Чарли чрезвычайно рисковал. Если бы о его действиях стало известно, маньчжурское правительство начало бы его преследовать, а доктор Аллен, и без того неблагосклонно к нему относившийся, мог серьезно подпортить его репутацию в религиозном сообществе. Аллен ненавидел революции и связанное с ними насилие. В публиковавшемся на китайском языке журнале, который он редактировал, доктор Аллен не скупился на самые резкие выражения, осуждая Сунь Ятсена и называя его «гнусным преступником»
[90]. Чарли тщательно скрывал свои политические убеждения. Никто даже не подозревал, что этот обходительный человек и состоятельный бизнесмен, оплот шанхайского общества, – тайный революционер. И мало кому приходило в голову, что внешне благоразумный и дружелюбный Чарли на самом деле страстная, импульсивная натура. Ему хватило нескольких коротких встреч с Сунь Ятсеном, чтобы посвятить себя реализации опасного замысла, который казался неосуществимым. Едва познакомившись с Сунь Ятсеном, Чарли проникся к своему новому другу такими чувствами, что писал ему: «Я не знаю среди китайцев человека более благородного, доброго и патриотичного, чем Вы»
[91].
Когда революция увенчалась успехом, Чарли ничего не потребовал от республиканцев за свою помощь. Он не просил ни высоких постов, ни славы и даже не посетил Сунь Ятсена, когда тот в конце 1911 года приехал в Шанхай и пробыл в городе целую неделю. В ноябре сторонники республики взяли Шанхай, и тогда Чарли неожиданно открыл миссис Робертс свою тайну. Наутро после захвата города он бодрым шагом вошел в ее кабинет. Миссис Робертс радостно и возбужденно заговорила о минувшей ночи. Чарли просиял и заявил: «Вот теперь я могу рассказать вам все»

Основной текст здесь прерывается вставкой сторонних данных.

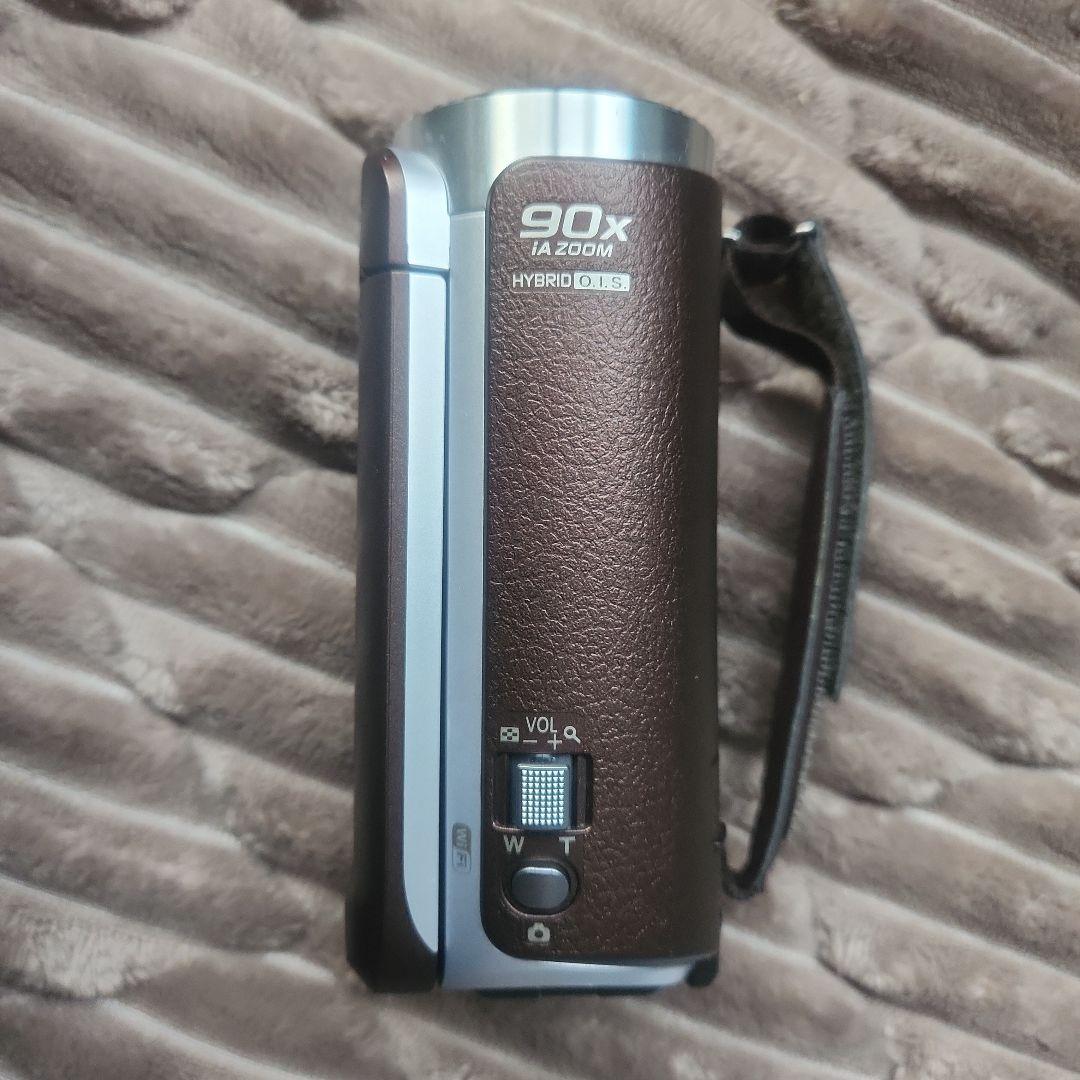 Panasonic HC-W590M フルHD ビデオカメラ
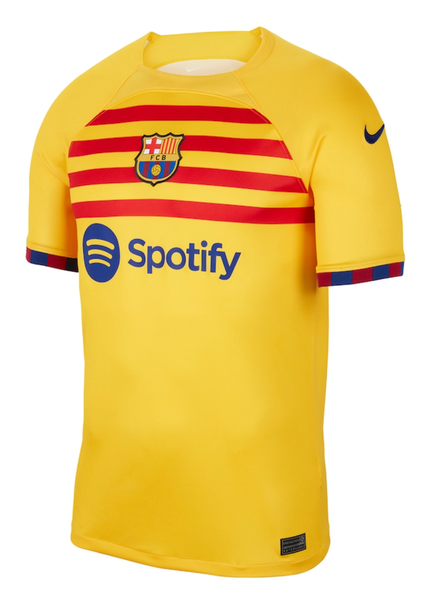 Barcelona 22/23 Stadium Men's Fourth Shirt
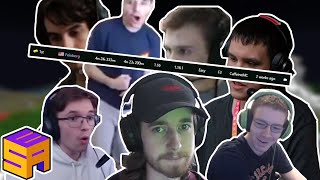 The CRAZIEST Minecraft Speedrunning Tournament EVER...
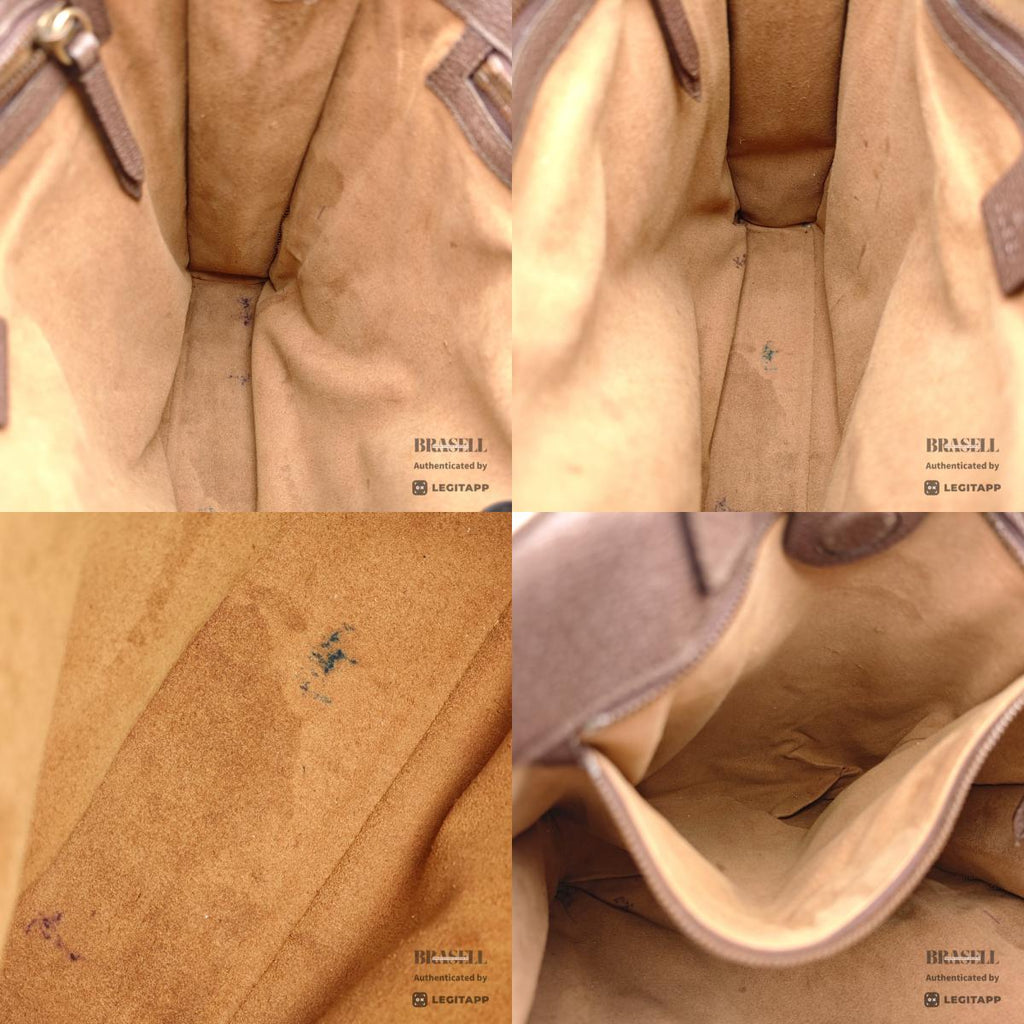 GUCCI Bengal GG Supreme Canvas Beige Tote Bag 450950 【ImportFeeFREE】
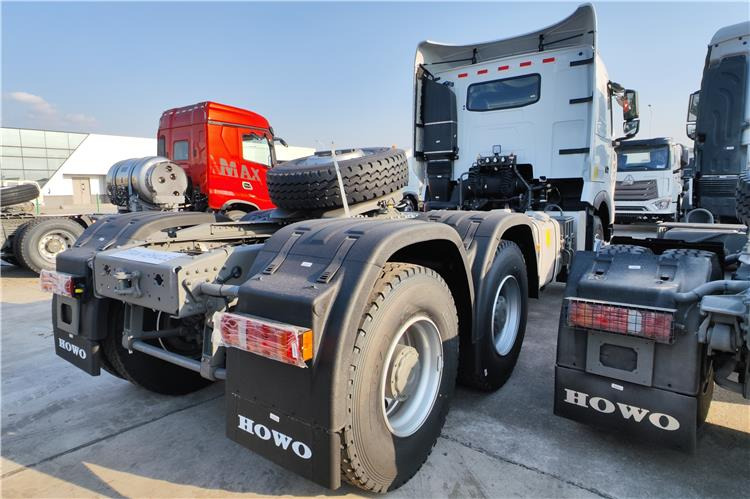 SINOTRUK Sitrak T7H 430HP Truck Head Price for Sale In Zimbabwe Harare - Cabeza tractora: foto 3 SINOTRUK Sitrak T7H 430HP Truck Head Price for Sale In Zimbabwe Harare - Cabeza tractora: foto 3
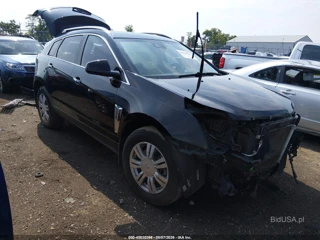CADILLAC CADILLAC SRX LUXURY COLLECTION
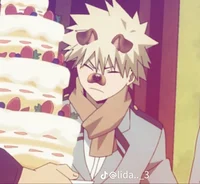Katsuki Bakugo
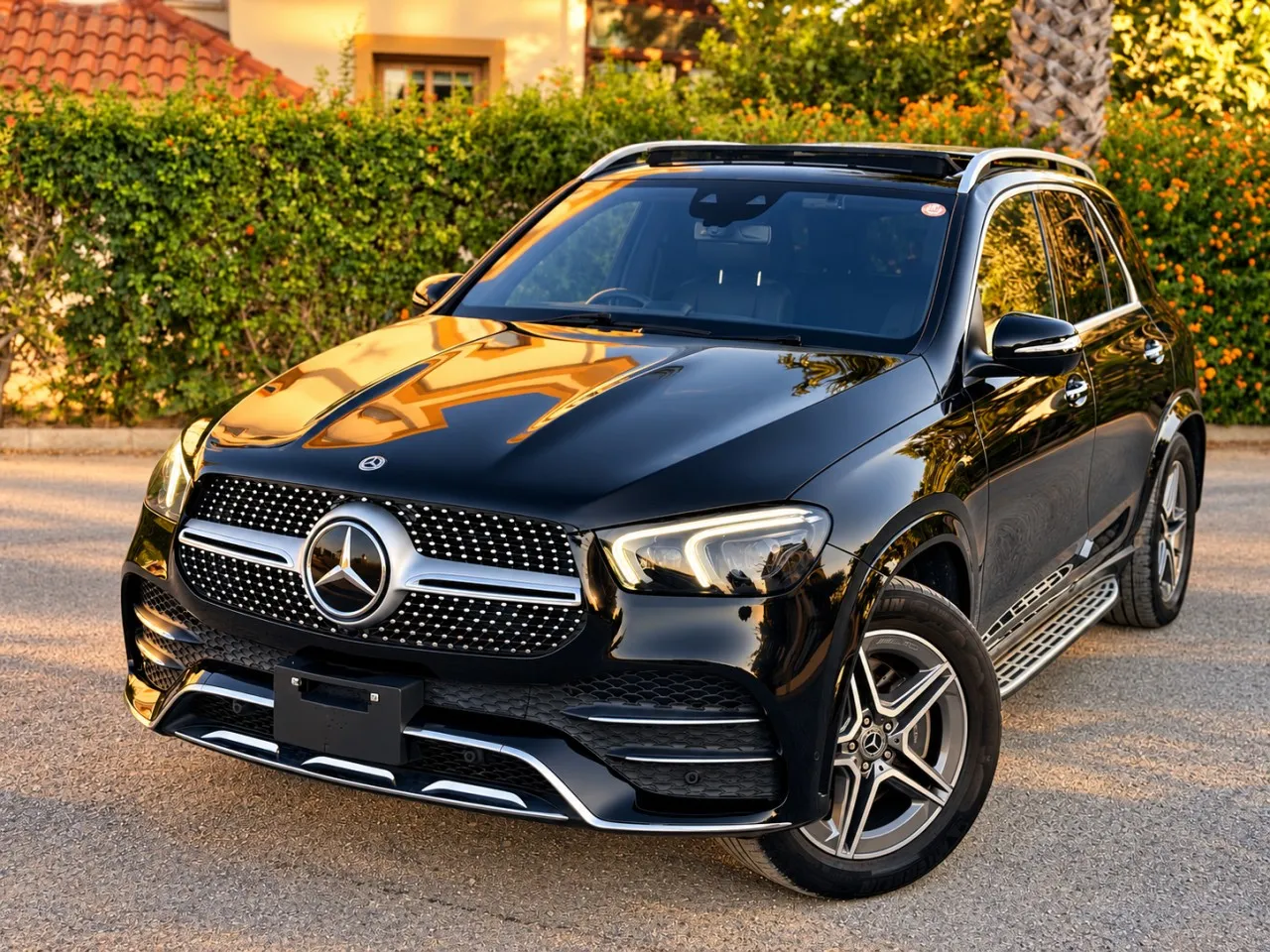2022 Model Otomatik Mercedes - Benz GLE 2. Görseli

[92]. Много лет спустя в интервью американскому радио миссис Робертс вспоминала: «Он поведал мне о своей давней дружбе с Сунь Ятсеном и о том, как помогал ему всем, чем только мог, особенно деньгами. “Впрочем, я ни разу не удосужился получить расписку на суммы, которые ему посылал”, – с усмешкой добавил он». Как отмечала миссис Робертс, Чарли часто смеялся и «его глаза всегда весело поблескивали». Он поинтересовался у миссис Робертс: «Наверное, вас удивляло, что мы живем так скромно и в таком месте?» Женщина ответила: «Я об этом почти не задумывалась, мне казалось, что вам с миссис Сун несвойственно стремление к показной роскоши, вдобавок мне известно о ваших щедрых пожертвованиях церкви. К тому же у вас немало расходов на образование ваших детей». «Все верно, – подтвердил Чарли, – но я экономил как только мог, чтобы помочь делу Сунь Ятсена, ибо считаю это наилучшим способом помочь моей стране». После этих слов он опять усмехнулся и завел разговор на другую тему – о том, как убедить его сестру приехать в Шанхай, чтобы оградить ее от потрясений революции.